(Crawled caption data)

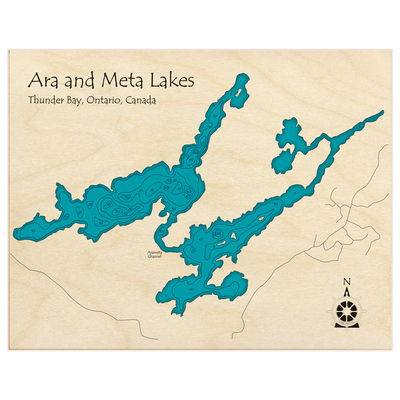 Bathymetric topo map of Ara Lake (With Meta Lake) with roads, towns and depths noted in blue water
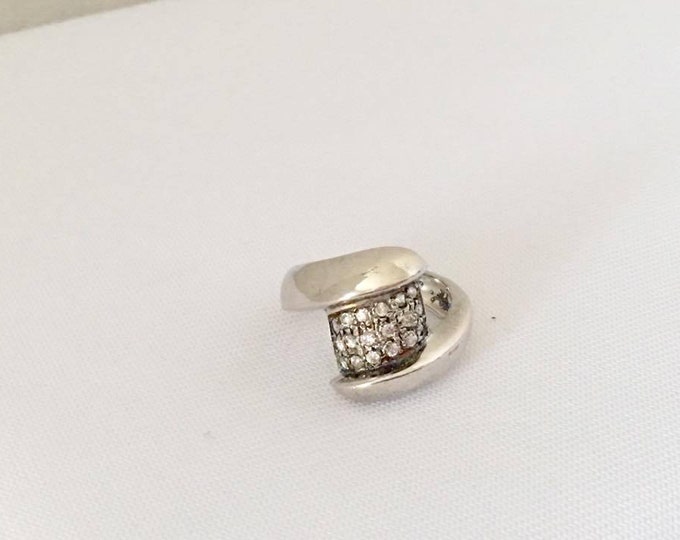 Vintage Sterling Silver White Topaz Twisted Band Ring Size 7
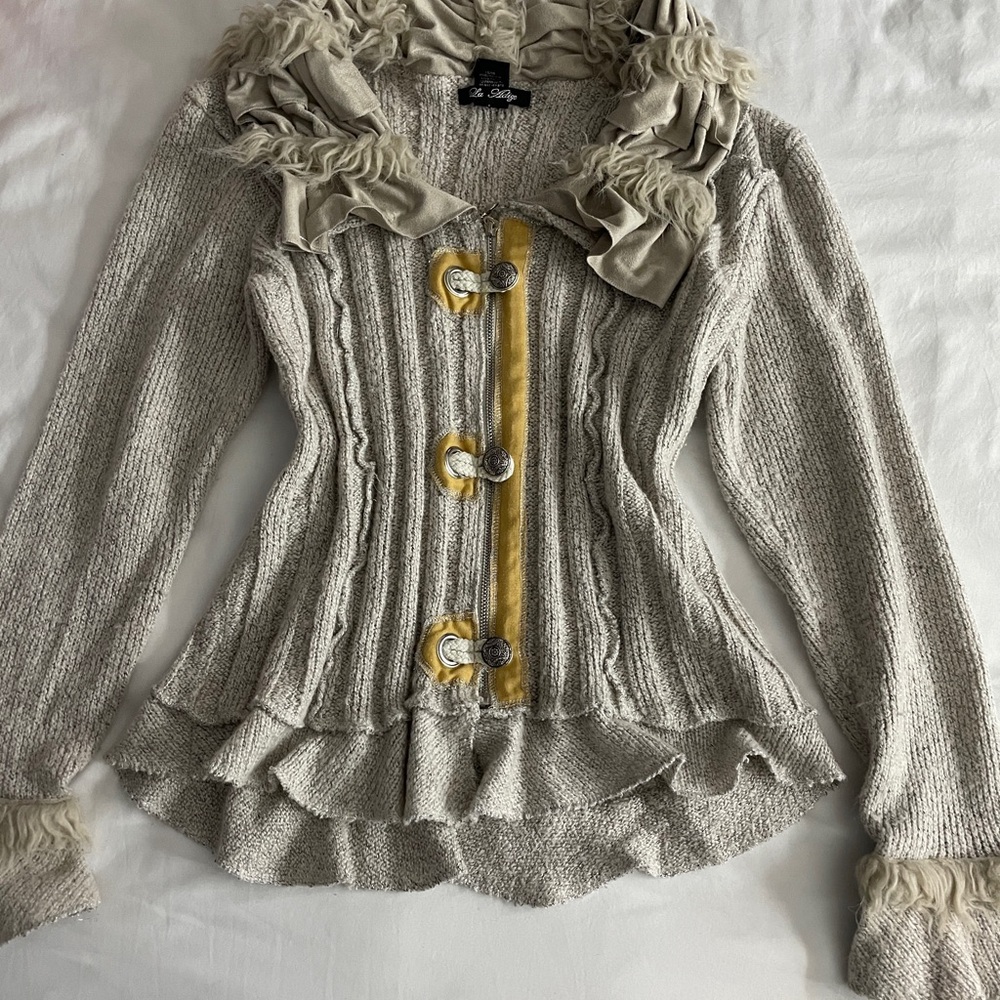 Ecru Textured Cardigan with Cream and Yellow Details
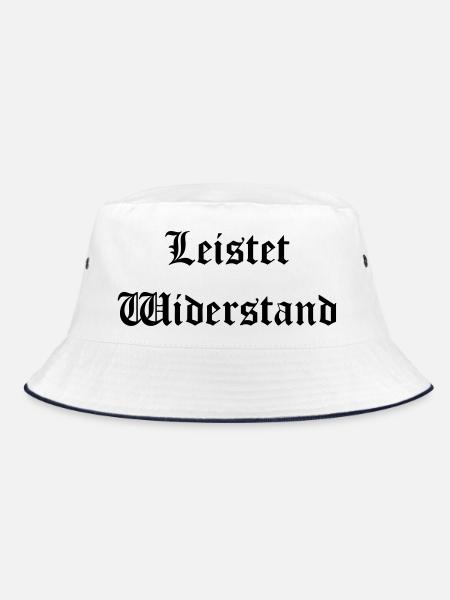 Leistet_wiederstand  - Bucket Hat - Weiß/Navy - Vorne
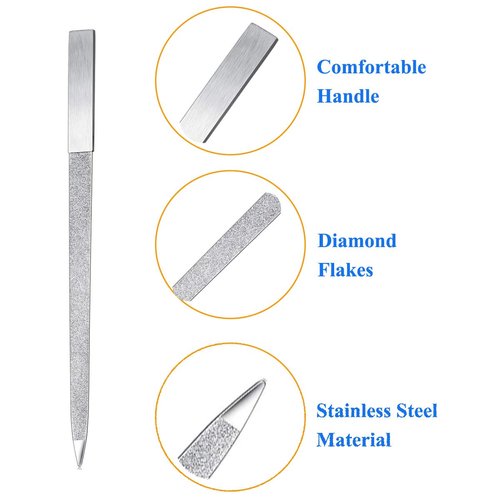 Terberl 8 Pack Diamond Nail File Metal Nail File, Stainless Steel Double Side Nail File for Salon Home and Travel Men Women(7 Inch)
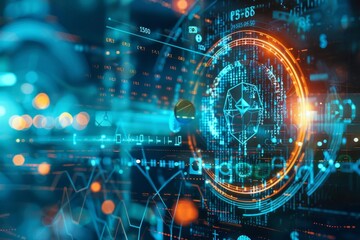 Fototapeta premium Financial forecast for the year 2024, highlighted with coins and digital displays
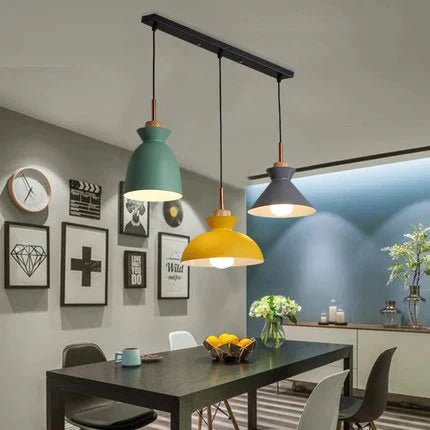 Pack Of 3 Dining Room Pendant Lamp Lights Macaroon Colorful Led Modern Hanglamp For Kitchen Island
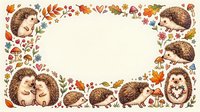 Cute hedgehogs surrounded by autumn leaves, mushrooms, and berries forming a decorative frame border on isolated background for design projects.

> _The problem_:
Your reply should give again exactly the lines from the one with "Terberl 8 Pack" through the last line of the data, with both ends included and pictures left out.

> _Exercise result_:
 Terberl 8 Pack Diamond Nail File Metal Nail File, Stainless Steel Double Side Nail File for Salon Home and Travel Men Women(7 Inch)
 Fototapeta premium Financial forecast for the year 2024, highlighted with coins and digital displays
 Pack Of 3 Dining Room Pendant Lamp Lights Macaroon Colorful Led Modern Hanglamp For Kitchen Island
 Cute hedgehogs surrounded by autumn leaves, mushrooms, and berries forming a decorative frame border on isolated background for design projects.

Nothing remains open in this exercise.